In the wake of a devastating data breach, LastPass is forcing all customers to upgrade their master passwords to include at least 12 characters.
LastPass experienced a data breach last year that went from bad to worse as more details emerged. The company is eager to improve security in the wake of the incident, and is forcing users to upgrade their passwords as part of that effort. Mike Kosak, Senior Principal Intelligence Analyst, outlined the company’s new policy.
You may have noticed that lately we’ve been asking our customers to make some changes to their LastPass accounts. These changes include requiring customers to update their master password length and complexity to meet recommended best practices and prompting customers to re-enroll their multi-factor authentication (MFA), among others. All of these changes are intended to help make our customers more secure, and we want to share additional context about the evolving cyber threat environment that’s driving these requests so customers can better understand WHY these changes are important. To do this, we’ll address some of these recent changes, and explain what threats are driving them, and how these updates are designed to help.

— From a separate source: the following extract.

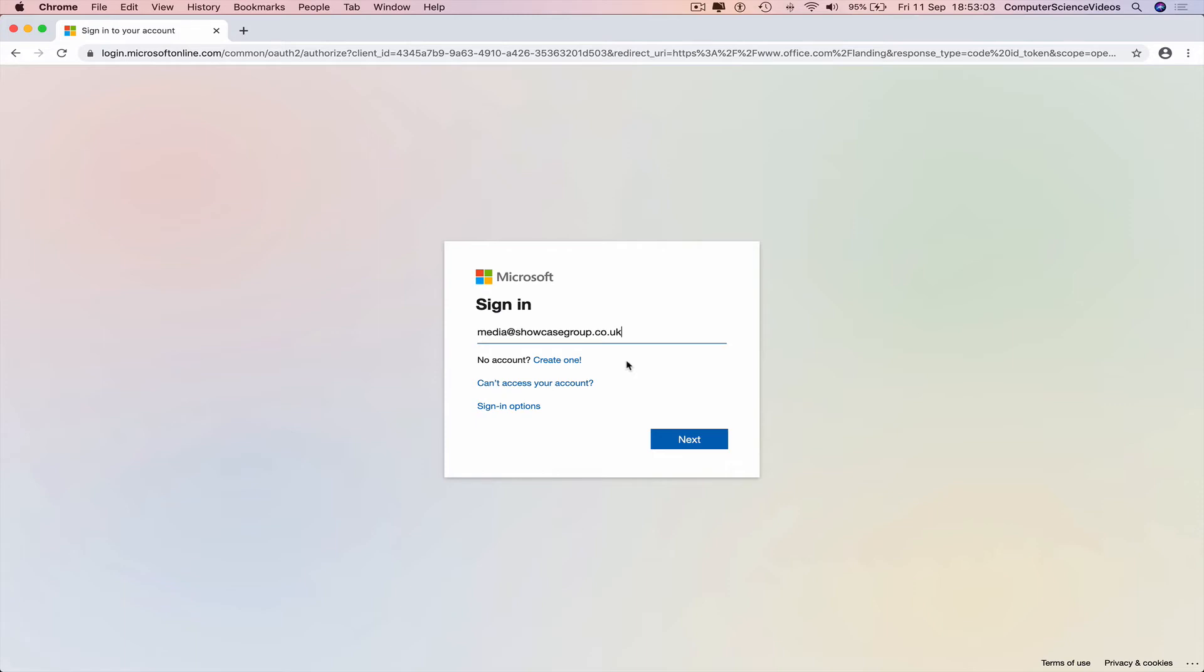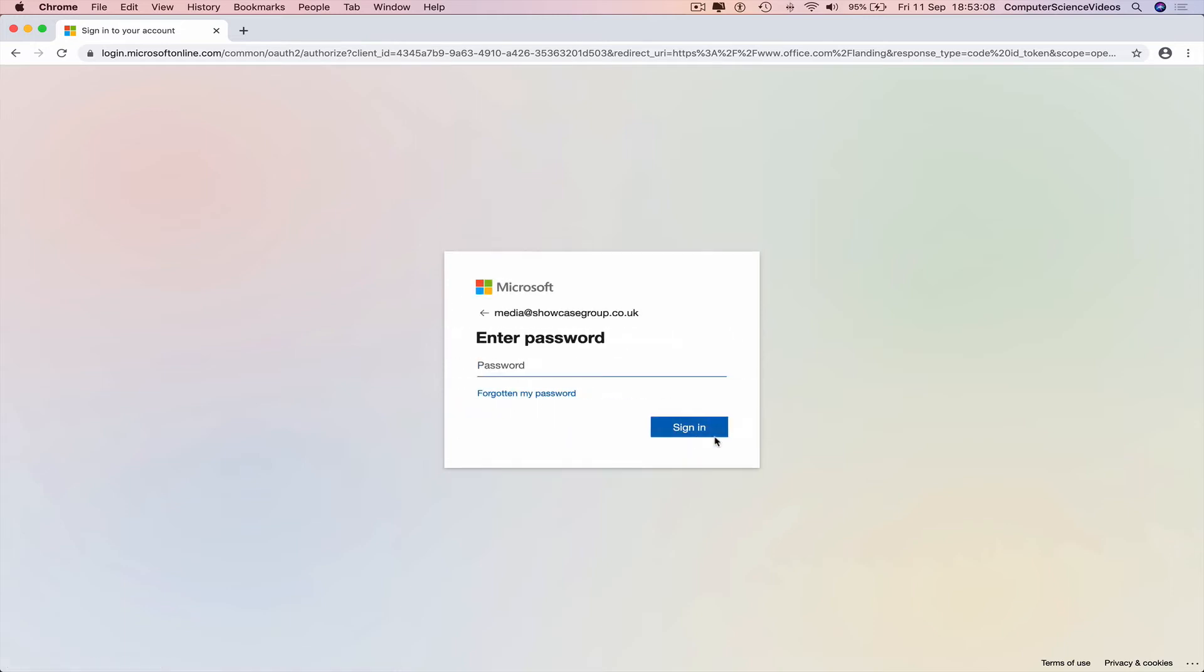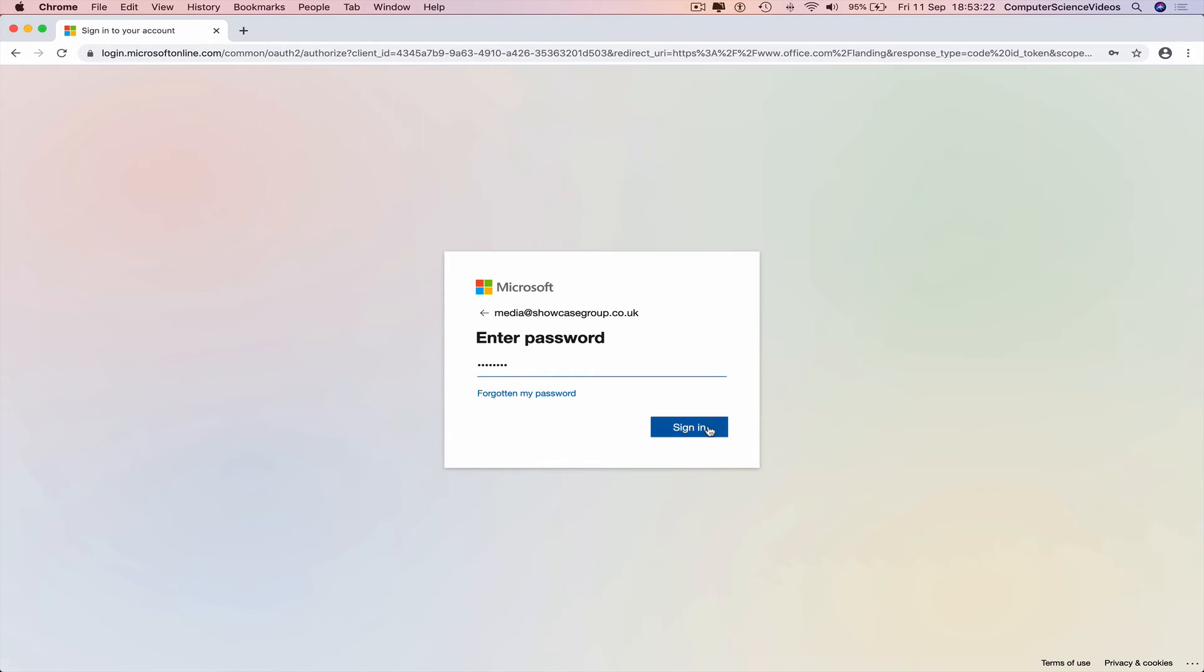Click on next and now type in the password. So you won't see this on screen nor will I. Sign in.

Kosak emphasized that the 12-character password policy already existed, but is now mandatory.
LastPass’ new master password length requirement is just one part of a progressive set of initiatives designed to help our customers better protect themselves from current and emerging cyber threats. Historically, while a 12-character master password has been LastPass’ default setting since 2018, customers still had the ability to forego the recommended default settings and choose to create a master password with fewer characters, if they wished to do so. By now enforcing a minimum 12-character master password requirement, along with the PBKDF2 iteration increases we delivered earlier this year, we are proactively helping our customers create stronger and more resilient encryption keys for accessing and encrypting their LastPass vault data.
The move is a welcome one, and will hopefully help LastPass subscribers keep their sensitive data secure.